A additional horn is placed within the fifth song, “Big Foot,” giving a free form jazz feel to the song while a guitar finds its way on without depleting the freedom enclosed.  There are moments when the French words could detract you if the song wasn’t so uptempo, however that doesn’t occur here at all.  Two songs later, things heat up with the heavier and sheer force of “Scream into the Wind.”  Again the vocals are a blend of French & English where the group adds a distorted guitar and live drums to plunky synths and an electronic piano that makes this artisan heavy vibe that sticks to your soul.  The same could be said about the following song, “Baila” where dark electronica and light techno beats glide underneath multiple synths and a bluesy guitar that just increases the mystery of the world created all over the album.  The song has a longer length than many found here, but it makes you feel like you’re witnessing vignettes of a person’s life more than just a mere album.  When the ninth song, “Alentejo” comes in, you get these little bits and pieces of sounds that are stabbed by spoken word and a horn track, while a beat moves the song along.  It’s a trip to hear how something that at first listen feels so simple, is actually something that’s flowing with multiple tracks that you notice more and more with each and every listen.  

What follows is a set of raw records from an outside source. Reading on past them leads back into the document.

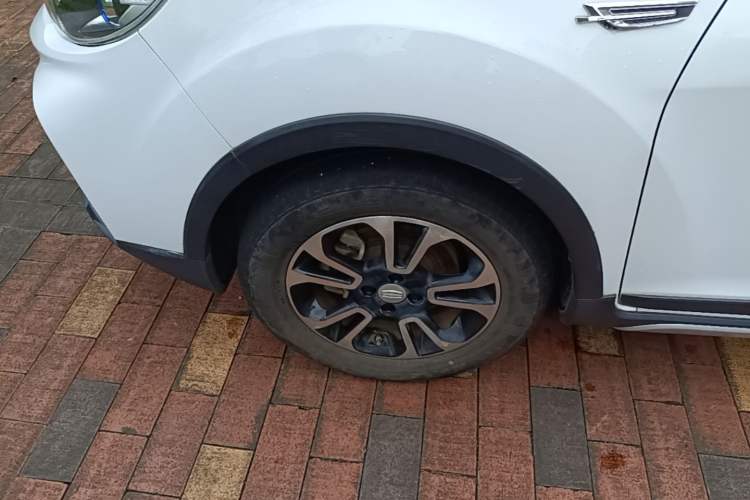 Used Geely Auto Vision X3 2017 1.5L Automatic Elite Model Left Front Wheel Hub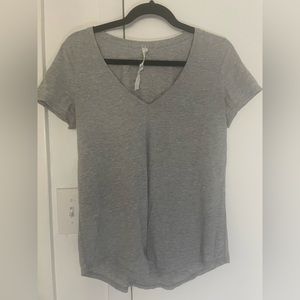 Lululemon V-neck T-shirt size medium new without tags gray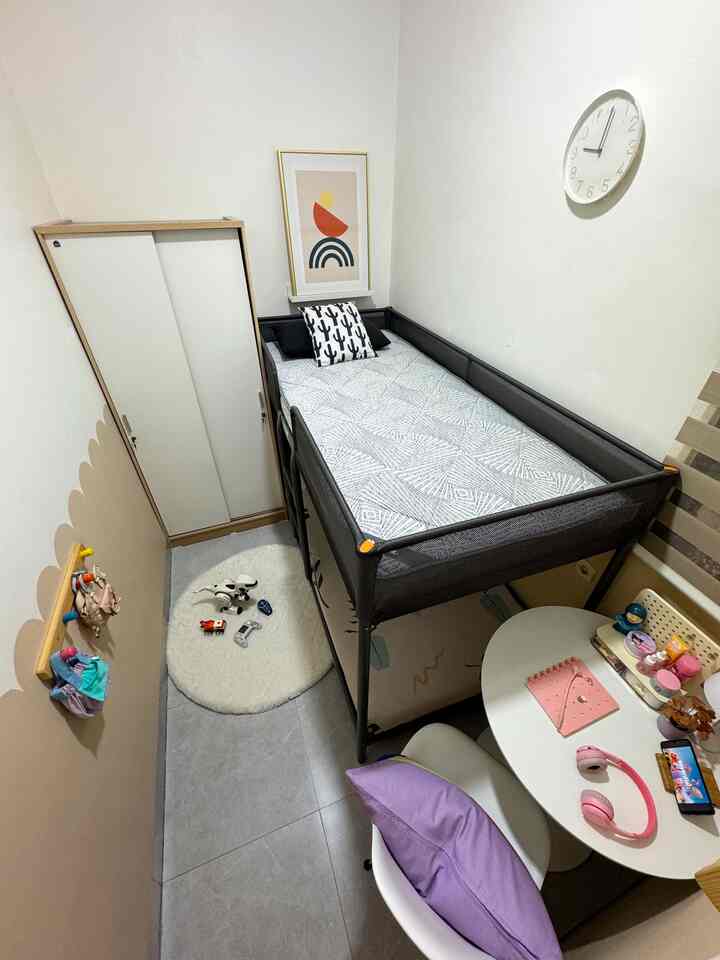 — Transformasi kamar anak 🧸

Kamar anak yang tadinya polosan, sekarang udah terasa penuh sesuai kebutuhan anak.
Meskipun kamarnya mungil, pemilihan furniture harus disesuaikan juga agar tidak sumpek.


#KamarAnak
#KamarAnakMungil
#KamarAnakMinimalis
#InspirasiKamarAnak
#CatInterior
#WarnaCatRumah
#KidsBedroom
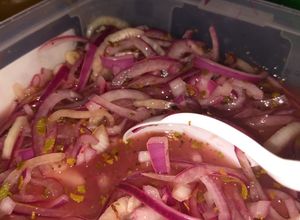 Una foto de Cebolla Desflemada para Mole o Pibil
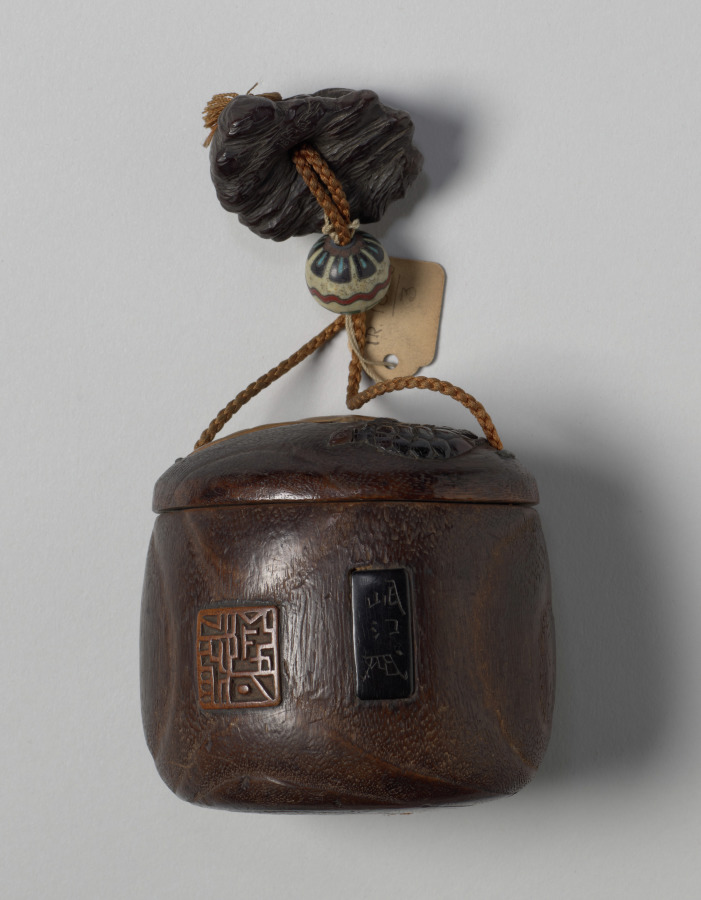 Additional museum view 2 of Tobacco Box with Turtles in Lotus and Grasses (accession 1919.569).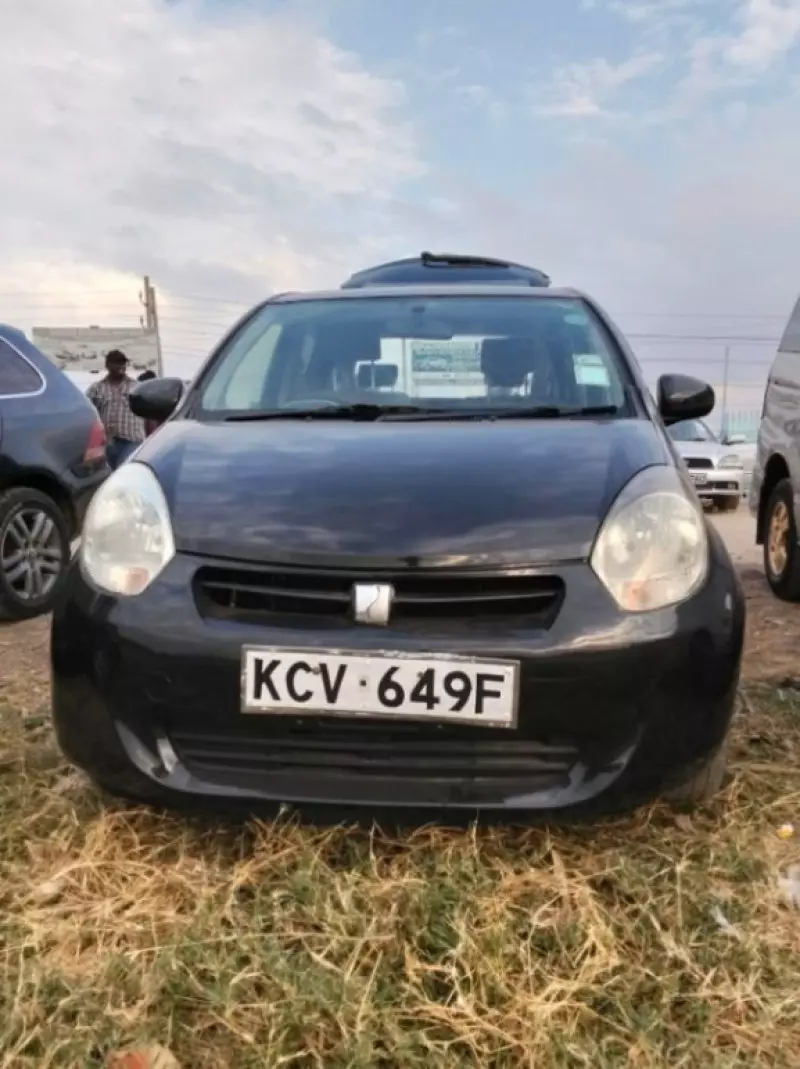 Toyota Passo   - 2011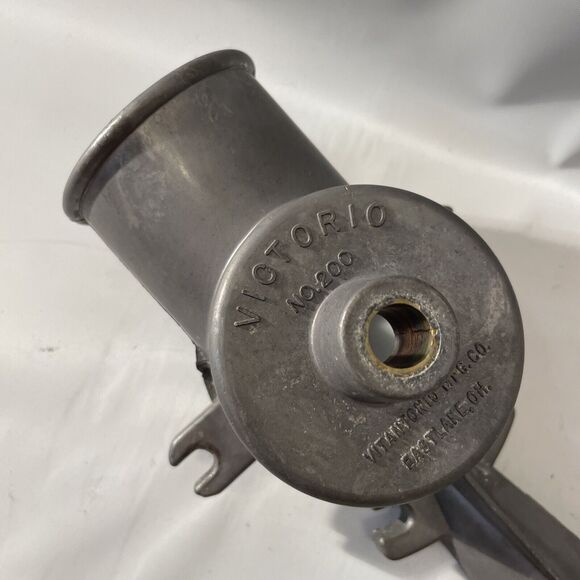 Vitantonio Victorio Strainer Model #200 Replacement Part: Body/Clamp Assembly - Picture 2 of 10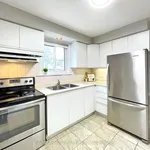 Rent 3 bedroom house in Richmond Hill (Crosby)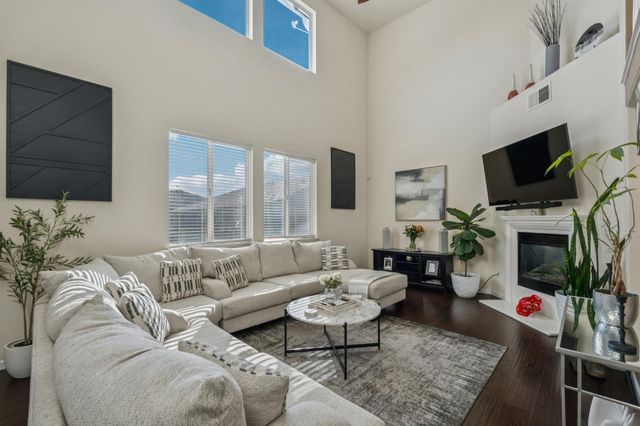 8525 Hawley Way, Elk Grove, CA 95624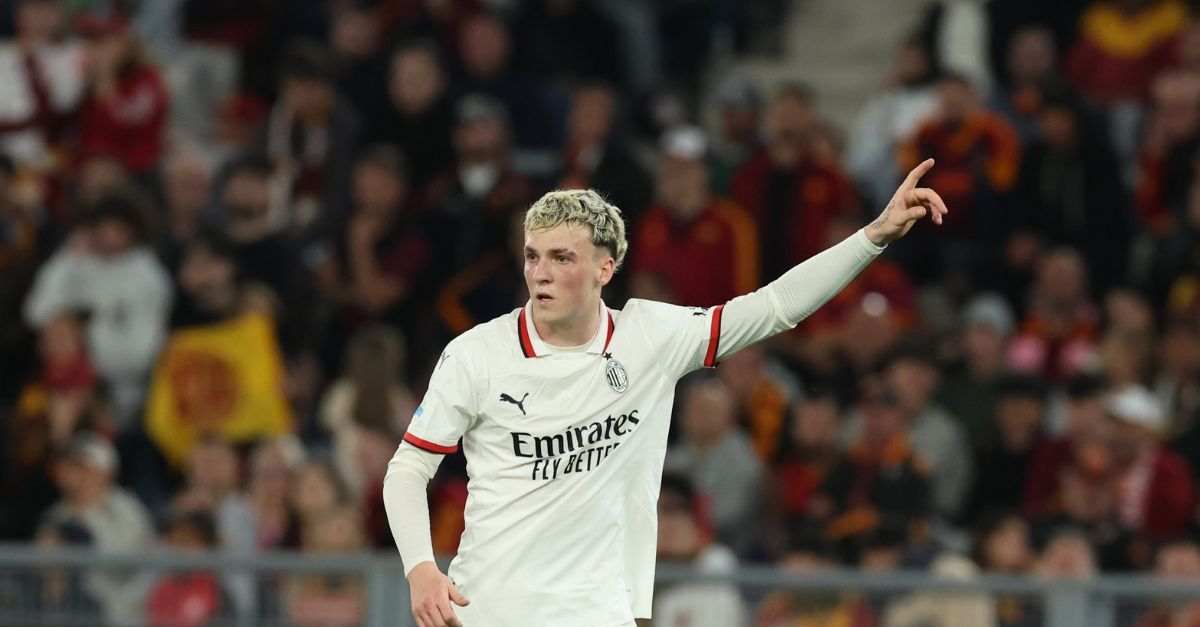 Calciomercato Milan, Moretto: “Jimenez ha una priorità. E c’è un club che …” Calciomercato Milan, Moretto: “Jimenez ha una priorità. E c’è un club che …”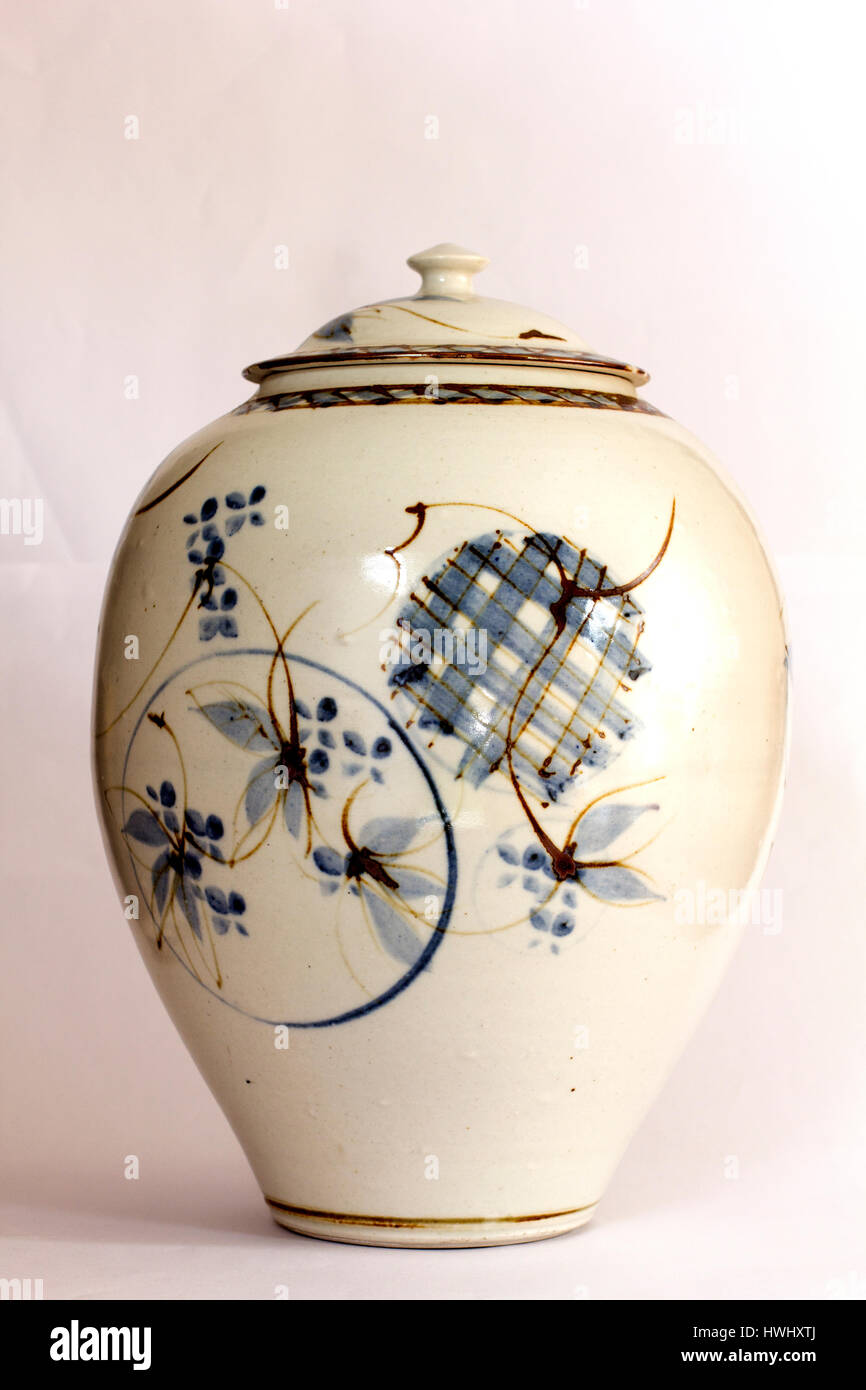 Porcellane decorative pot Foto Stock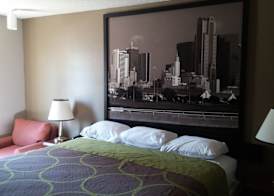 Super 8 by Wyndham Bedford DFW Airport West 4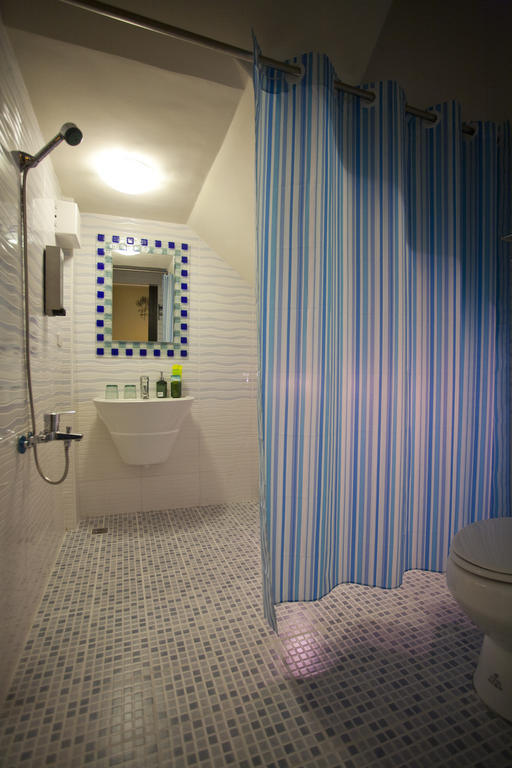 הואליין סיטי Sweet Rainbow B&B חדר תמונה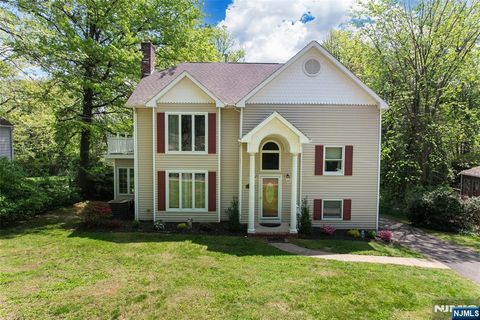 Photo of 820 E Broad Street, Westfield, NJ 07090 (MLS # 25014206)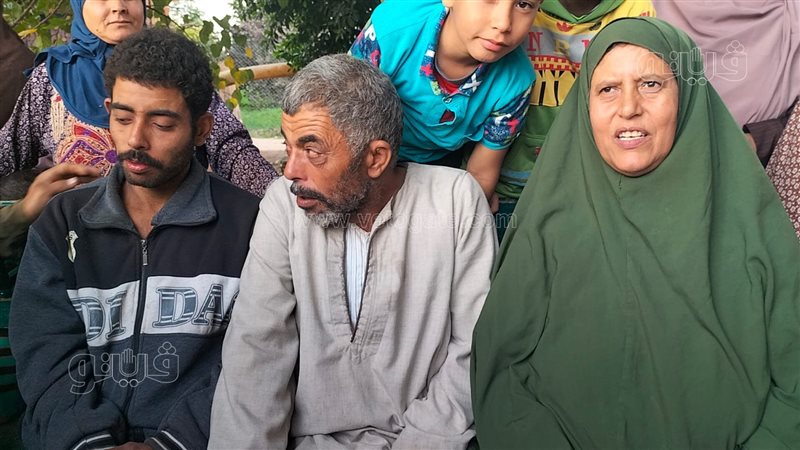 محمد عادل ووالديه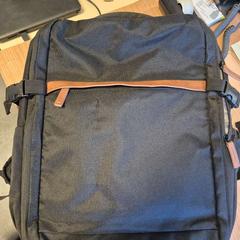 Backpack Zwart met kleding, as reported by Connexxion Zeeland using iLost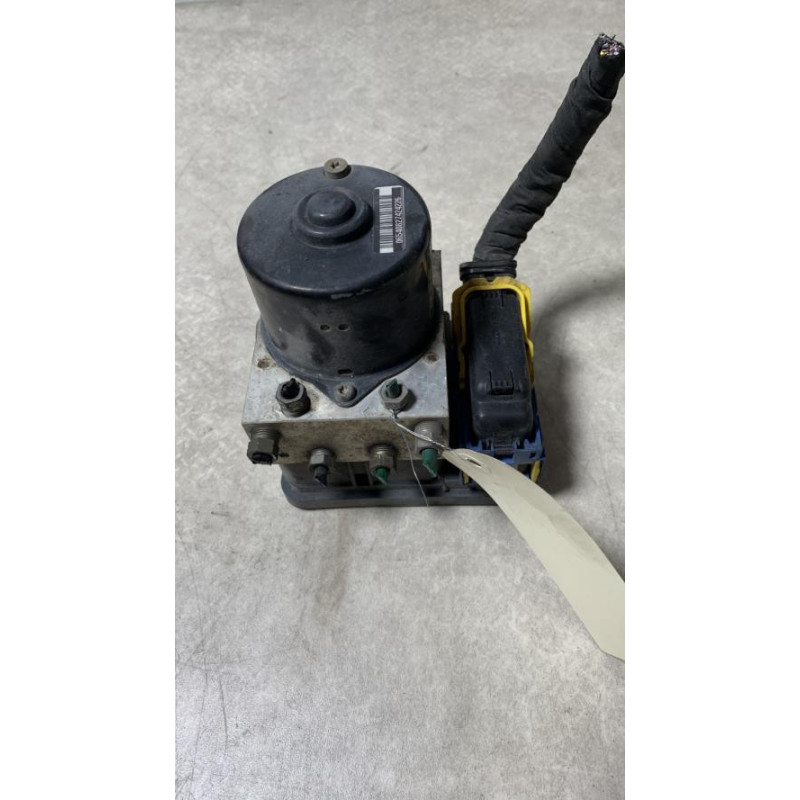 Bloc ABS (freins anti-blocage) RENAULT LAGUNA 2 PHASE 2 BREAK d’occasion
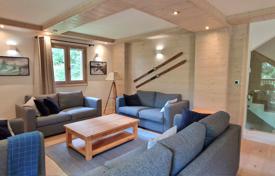 4 dormitorio chalet en Courchevel, Francia. 1 995 000 €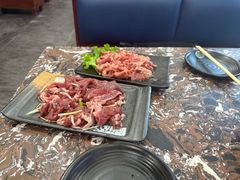 -啊美丽炭火烤肉(滑翔一店)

They keep things trippy on the following track, “St. Germain,” while mixing it up to a more techno sound on “Rilke,” that feels closer to what you’d want a modern Kraftwerk song to sound like.  While there’s so much happening on the longest song of the twelve, “Beja,” it’s just a deeper glance into a world where you’re just a bystander.  The beauty of this album is that it’s so foreign while sounding relevant that the French vocals make you feel like for the length of it, you’re just a mere mortal allowed to view the world in which Phytosophie exists.  It might be one of the most inventive things I’ve ever heard, because I sincerely don’t remember feeling like I’m only getting a glimpse into something like this before.  Not since I first heard David Bowie have I heard music that made me feel like I was just an observer to the world that the artist created, yet that’s what this album does to you.  You can experience the visual and visceral art of Phytosophie & The Invisible Man, when they perform at Cardoza Fine Art this Saturday at 7:00.  The all ages show runs from 7:00 to 10:00 and is 100% FREE.